For those former owners who were covered by the reprivatization laws, the Polish government chose compensation over restitution.118 Compensation took the form of capital bonds that would enable the former owner to purchase shares in state enterprises undergoing privatization, and guaranteeing priority in purchasing shares of their former enterprises.119 The former landowners could only reacquire their property by paying, in cash, the market value of the confiscated real estate or reproduction value120 of other “immovable property.”121 The problem with this approach is that it requires former owners to expend money for land that is already theirs—money which could be better used to improve the land, thereby providing the necessary jobs following the inevitable closure of expensive and debt-ridden staterun enterprises.
Poles living abroad are eligible for restitution or compensation in the form of state bonds only if they adopt Polish citizenship, if given up, and return to Poland permanently to administer the enterprises and/or land they recover.122 This aspect of the Polish plan is problematic when applied to Cuba, as the likely effect would be to discourage expatriate Cubans and Cuban-Americans from investing in Cuba. Many will probably not want to make a permanent return to Cuba immediately. Instead, many will probably elect to wait until the political situation stabilizes and the basics, such as electricity, water, and other facilities, are available and reliable for use, as opposed to the current situation and the likely situation in an immediate post-communist Cuba. Especially with so many Cubans living in close proximity to Cuba, limiting restitution and compensation to those willing to come back to Cuba is not useful to the long-term redevelopment of the island. Additionally, basing restitution and compensation on citizenship and residency in Cuba will put a strain on residential property should people be forced to return to a Cuba with little adequate housing. Former owners who are forced to move back to Cuba in order to recover their property will, rightfully, most likely want to recover their expropriated residential property, as well. Recovery of residential property would, in turn, necessitate the forced removal of thousands of Cubans from existing housing. As a result, Cuba would be faced with two disruptive problems in an already unstable atmosphere: (1) instant homelessness on a nearly unprecedented scale and (2) economic meltdown. As discussed below, there appears to be a better solution.
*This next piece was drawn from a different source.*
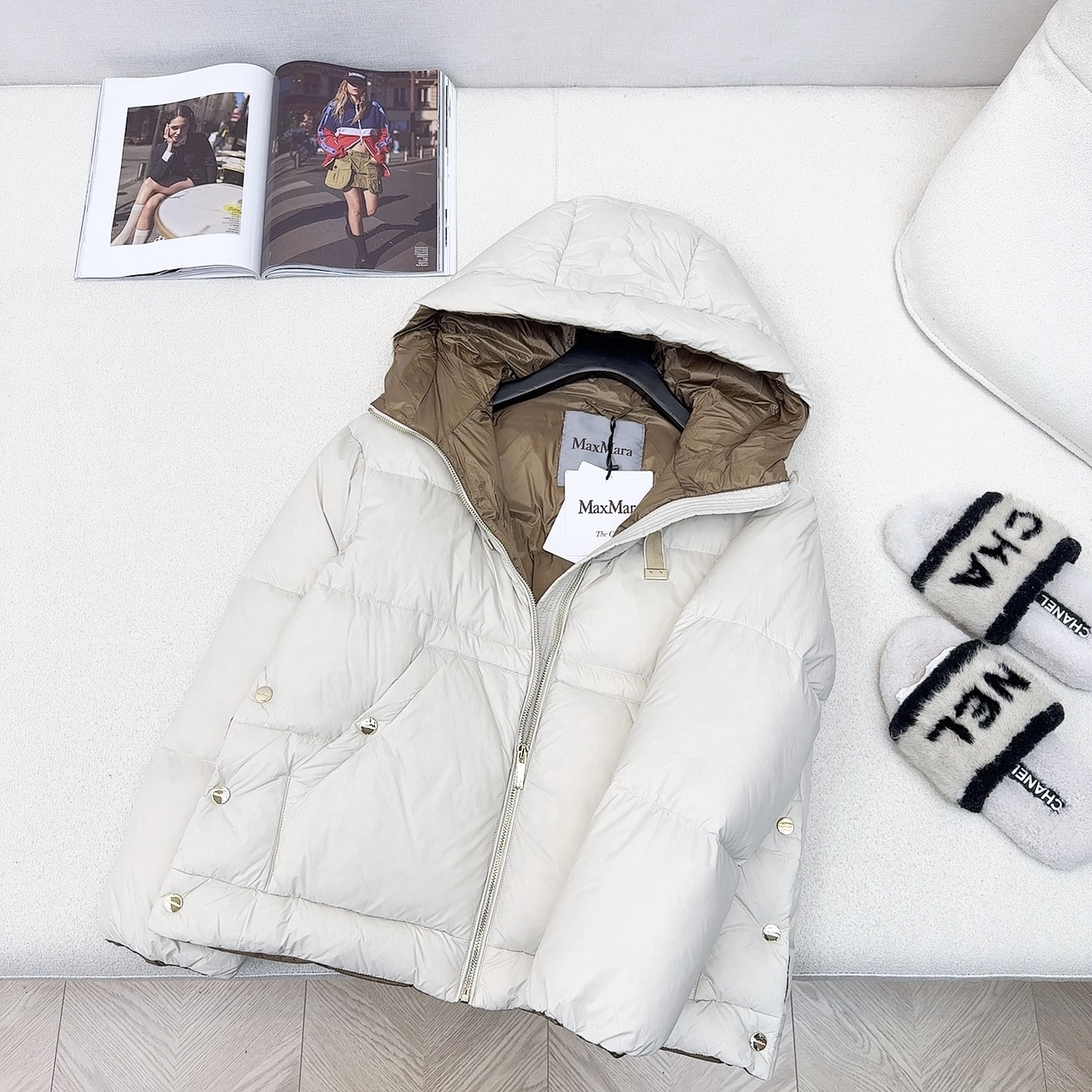 原单品质 Max25SS——秋冬新款经典袖标装饰连帽羽绒服外套🤎 经典立体H版型剪裁 经典时髦又帅气 原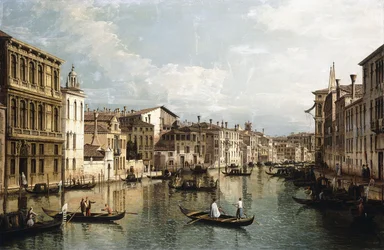 Het Canal Grande, Venetië, kijkend naar het oosten vanaf het Palazzo Flangini naar het Palazzo Venramin Calergi, ca. 1742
The Polish Privatization Ministry reports that over 70,000 applications to reclaim property worth over $1 billion have been filed.123 The estimated cost for compensation could eventually cost Poland $23 billion, an enormous amount considering Poland’s annual budget at the time was only $2.2 billion.124 As cited above, claims for confiscated property in Cuba exceed $5 billion with annual payments exceeding $465 million.125 Cuba will not be able to pay such an amount. Poland is more industrialized than Cuba, and can therefore earn more from the sale of state enterprises than can Cuba. Additionally, money spent to pay compensation claims could be better spent on job training and/or welfare, as workers are laid off from formerly state-run enterprises.
HUNGARY
In July 1991, the Hungarian Parliament passed the “Law to Provide Partial Compensation for Unjust Damage Caused by the State to the Property of Citizens.” 126 The law was designed to partially re-establish private property rights in Hungary.127 The law did not provide for restitution; relying, instead, on compensation in the form of government issued interest- bearing certificates that could be used to buy state-owned property, businesses, or shares in businesses sold by the State Property Agency or local government. 128 There was no restriction on the selling of the certificates to foreigners.129 Former owners were given priority to acquire confiscated property, the major exception being apartments, in which case the current tenants were given priority rights for purchases. 130 Purchasers of agricultural lands through the use of certificates were limited to those who were currently farming and living in a community and who were prepared to continue the use of the land for farming purposes.131 These restrictions have had an adverse effect on Hungarian nationals by stifling those “expatriate Hungarians who thought of returning to reclaim rural holdings or their Budapest villas for transformation into holiday homes or commercial ventures.”132 Again, as with Poland, the restrictions on compensation and restitution are negatively affecting the economy by removing those parties most capable and willing to invest in the country’s resources—the expatriate Hungarians. The result is a high degree of foreign ownership, as the government sells unclaimed state-owned assets.133
STATUS OF ECONOMIC RECOVERY IN EAST EUROPE
The Czech Republic, Hungary, Poland, and Slovakia have all recovered significantly since the collapse of communism. Considering that Slovakia has the smallest population of the four,134 it has made the largest gains, from a negative growth rate in GDP of 16.7 percent in 1991, to a positive growth rate of 7.4 percent in 1995.135 Next was Poland with a decline in GDP of -11.5 percent in 1990, but an increase of 7 percent in 1995. The Czech Republic was third with a decline of -14.2 percent in 1991 and an increase of 4.8 percent in 1995. Last was Hungary with a decline of -12 percent in 1991 and an increase of only 2 percent in 1995.136 The long range recovery for all four continues to be hopeful. The main drawback to both Poland’s and Hungary’s recovery is the large long-term debt they incurred. In 1995 Hungary’s public and publicly guaranteed debt amounted to over $23.5 billion.137 Similarly classified debt in Poland amounted to a staggering $41 billion.138 The Czech and Slovakian public debt, however, amounted to only $9.6 billion and $3.57 billion, respectively. 139 As payment on this debt comes due, those countries, such as Hungary and Poland, that are spending resources to pay the long-term debt and the continued operation of state-run enterprises will have to either take out more loans to finance the expenditures, or sell the state-run enterprises at a significant loss in order to get rid of them to pay their debts.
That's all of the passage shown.